RECORDS FOR PROCESSING:

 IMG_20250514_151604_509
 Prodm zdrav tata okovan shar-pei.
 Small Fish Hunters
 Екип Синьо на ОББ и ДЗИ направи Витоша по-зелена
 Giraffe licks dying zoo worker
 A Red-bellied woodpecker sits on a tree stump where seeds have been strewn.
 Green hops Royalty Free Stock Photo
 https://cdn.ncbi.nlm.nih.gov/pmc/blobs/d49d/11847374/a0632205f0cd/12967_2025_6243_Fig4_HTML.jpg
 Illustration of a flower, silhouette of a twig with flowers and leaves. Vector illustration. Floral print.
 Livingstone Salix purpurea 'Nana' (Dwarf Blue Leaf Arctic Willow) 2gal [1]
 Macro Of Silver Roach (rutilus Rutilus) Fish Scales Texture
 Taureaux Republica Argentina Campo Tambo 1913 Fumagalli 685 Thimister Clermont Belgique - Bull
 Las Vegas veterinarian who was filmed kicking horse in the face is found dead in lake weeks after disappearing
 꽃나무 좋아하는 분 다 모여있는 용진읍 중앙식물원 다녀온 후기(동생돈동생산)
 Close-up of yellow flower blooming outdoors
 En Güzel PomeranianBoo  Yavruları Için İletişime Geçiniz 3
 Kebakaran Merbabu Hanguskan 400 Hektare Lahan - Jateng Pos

WORK TO COMPLETE:
Copy the data above. Keep each line exact.

SOLUTION FOR THIS PROBLEM:
 IMG_20250514_151604_509
 Prodm zdrav tata okovan shar-pei.
 Small Fish Hunters
 Екип Синьо на ОББ и ДЗИ направи Витоша по-зелена
 Giraffe licks dying zoo worker
 A Red-bellied woodpecker sits on a tree stump where seeds have been strewn.
 Green hops Royalty Free Stock Photo
 https://cdn.ncbi.nlm.nih.gov/pmc/blobs/d49d/11847374/a0632205f0cd/12967_2025_6243_Fig4_HTML.jpg
 Illustration of a flower, silhouette of a twig with flowers and leaves. Vector illustration. Floral print.
 Livingstone Salix purpurea 'Nana' (Dwarf Blue Leaf Arctic Willow) 2gal [1]
 Macro Of Silver Roach (rutilus Rutilus) Fish Scales Texture
 Taureaux Republica Argentina Campo Tambo 1913 Fumagalli 685 Thimister Clermont Belgique - Bull
 Las Vegas veterinarian who was filmed kicking horse in the face is found dead in lake weeks after disappearing
 꽃나무 좋아하는 분 다 모여있는 용진읍 중앙식물원 다녀온 후기(동생돈동생산)
 Close-up of yellow flower blooming outdoors
 En Güzel PomeranianBoo  Yavruları Için İletişime Geçiniz 3
 Kebakaran Merbabu Hanguskan 400 Hektare Lahan - Jateng Pos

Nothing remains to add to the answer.